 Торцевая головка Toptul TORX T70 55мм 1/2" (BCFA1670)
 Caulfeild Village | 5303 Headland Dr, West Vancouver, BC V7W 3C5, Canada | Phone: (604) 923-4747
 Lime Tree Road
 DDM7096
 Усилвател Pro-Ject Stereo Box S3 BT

######

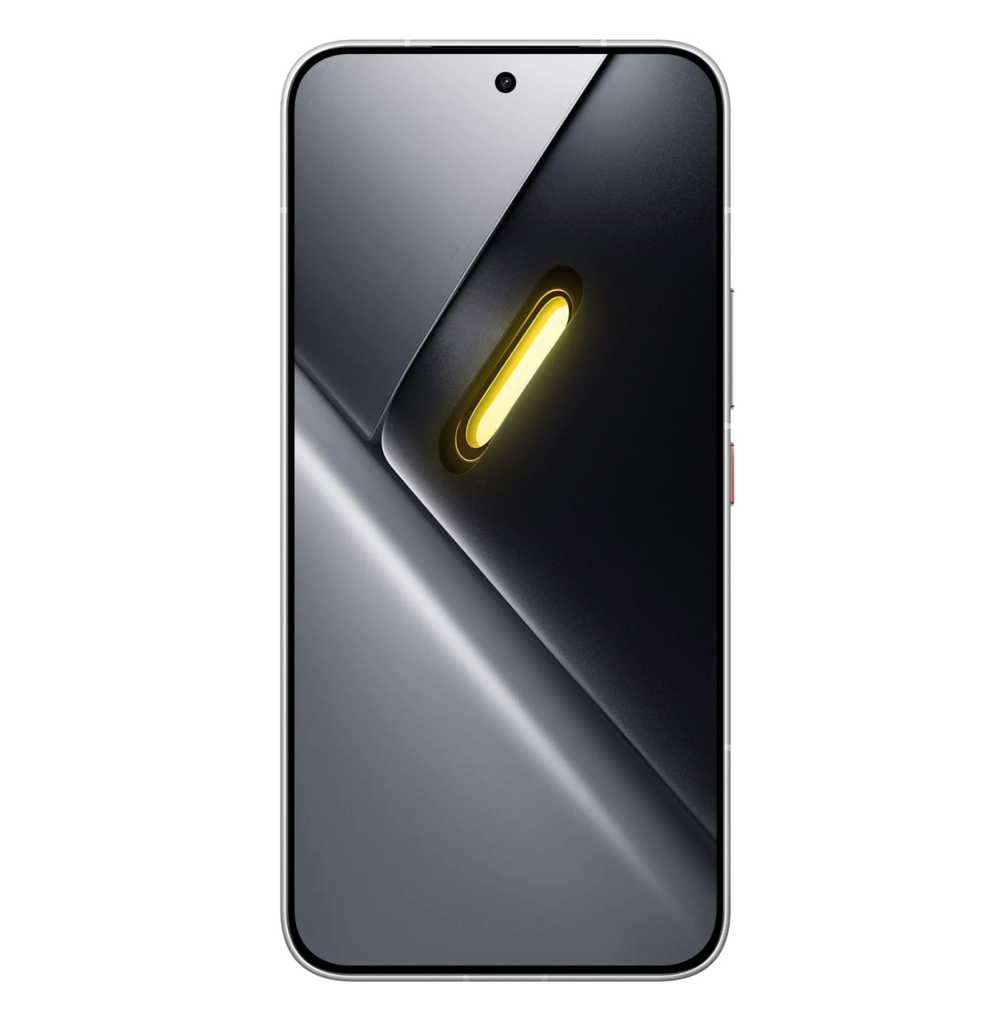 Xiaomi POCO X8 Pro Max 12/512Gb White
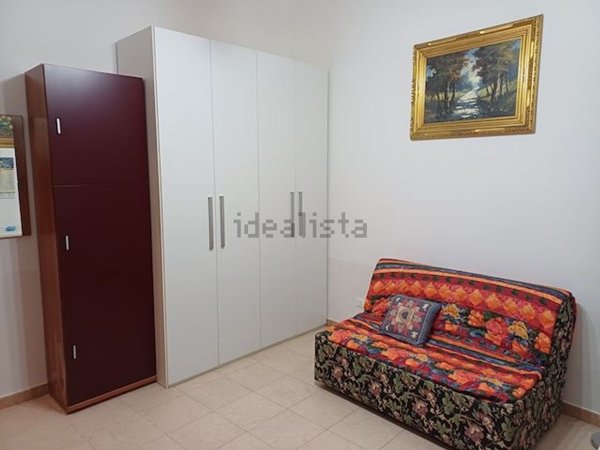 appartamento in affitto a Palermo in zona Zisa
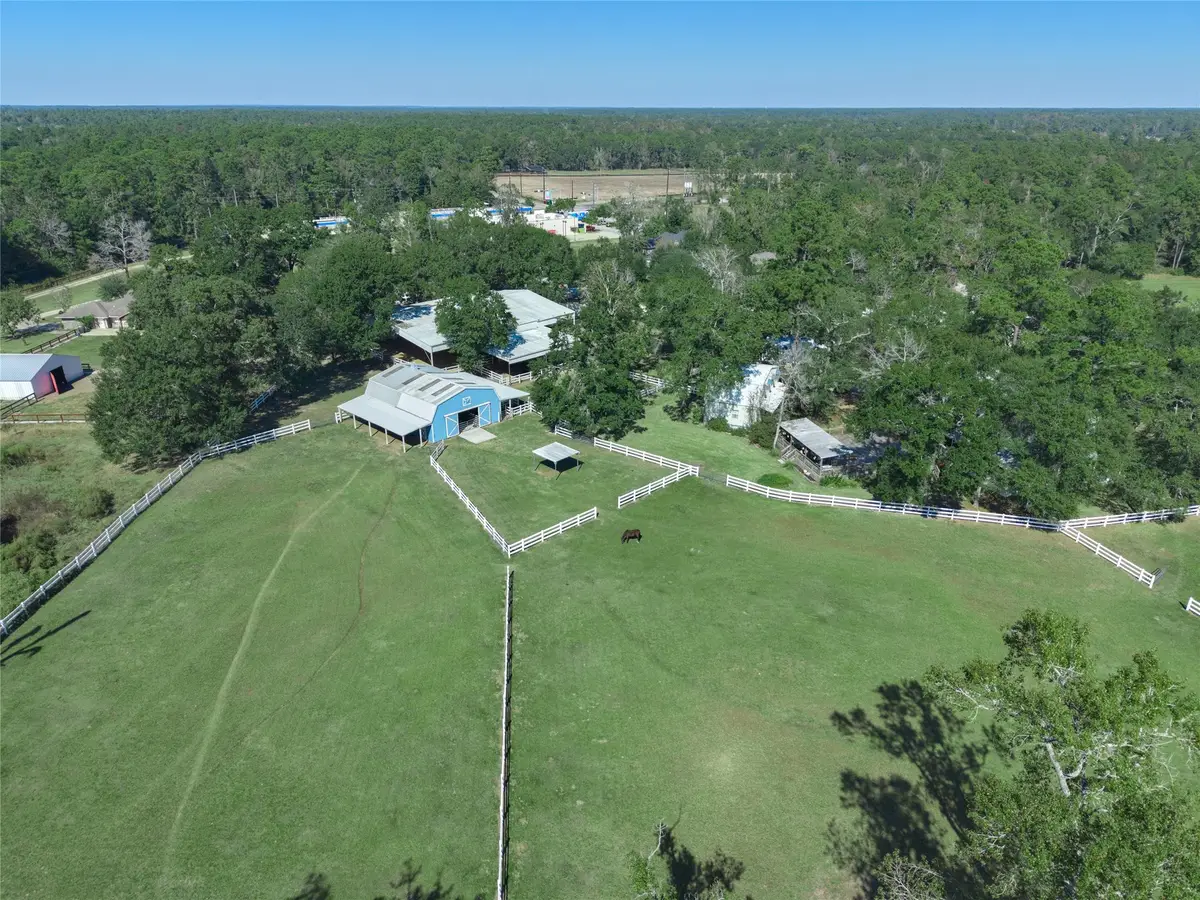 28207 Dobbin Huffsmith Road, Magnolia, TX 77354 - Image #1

######

**What the exercise asks:**
Among the records above, only the lines between the line holding "Lime Tree Road" and the line holding "Усилвател Pro-Ject Stereo Box S3 BT", inclusive, are to be output, exactly as written.

**Solution to this task:**
 Lime Tree Road
 DDM7096
 Усилвател Pro-Ject Stereo Box S3 BT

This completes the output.